找寻宝藏游戏,不断尝试在一条直线上找到宝藏(其实只要一直向右走)的最短路径。

Q-Learning算法

def choose_action(status):
    if 10% chance:
        # exploration, random choice
        return np.random.choice(nb_action)
    else:
        # exploitation, largest reward action of curr status
        return np.argmax(Q[status, :])

status = init_status
while not determined:
    action = choose_action(status)
    next_status, reward, done = take_action(action)

    # Reward递增 learning * (最大期望 - 当前值)
    Q[status, action] += learning_rate * (reward + GAMMA * Q[next_status, :].max() - Q[status, action])

    status = next_status

Sarsa

status = init_status
action = choose_action(status, Q)

while not determined:
    action = choose_action(status)
    next_status, reward, done = take_action(action)
    next_action = choose_action(next_status, Q)

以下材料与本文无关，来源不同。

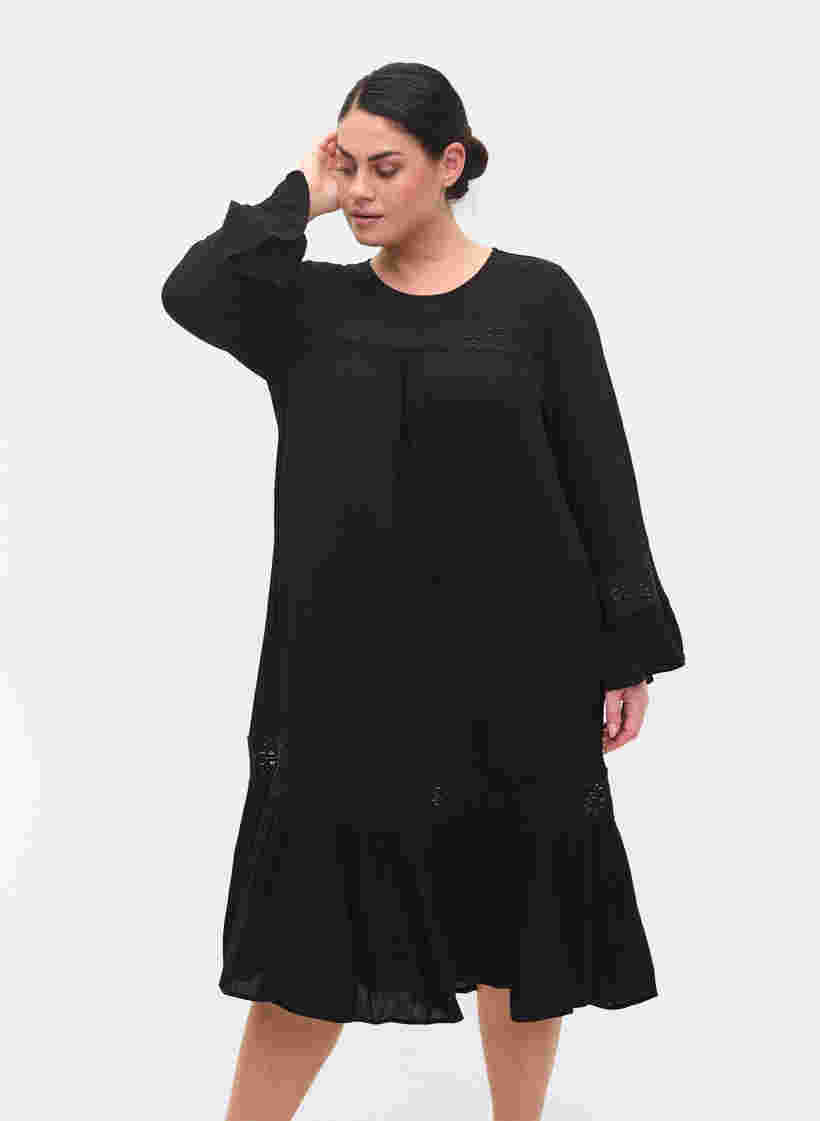 Viskosklänning med spetsdetaljer, Black, Model image number 0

    # Reward递增 learning * (当前action对应reward + GAMMA * 下一步action对应reward - 当前值)
    Q[status, action] += learning_rate * (reward + GAMMA * Q[next_status, next_action] - Q[status, action])
    status = next_status
    action = next_action

Sarsa相比Q-Learning,会事先确定好下一步的action,明确Q的增量。不会像Q-Learning,增量是每次最大值,不过下一步具体选择的时候,可能是explorations随机选择了

SarsaLambda

Q2 init

status = init_status
action = choose_action(status, Q)

while not determined:
    action = choose_action(status)
    next_status, reward, done = take_action(action)
    next_action = choose_action(next_status, Q)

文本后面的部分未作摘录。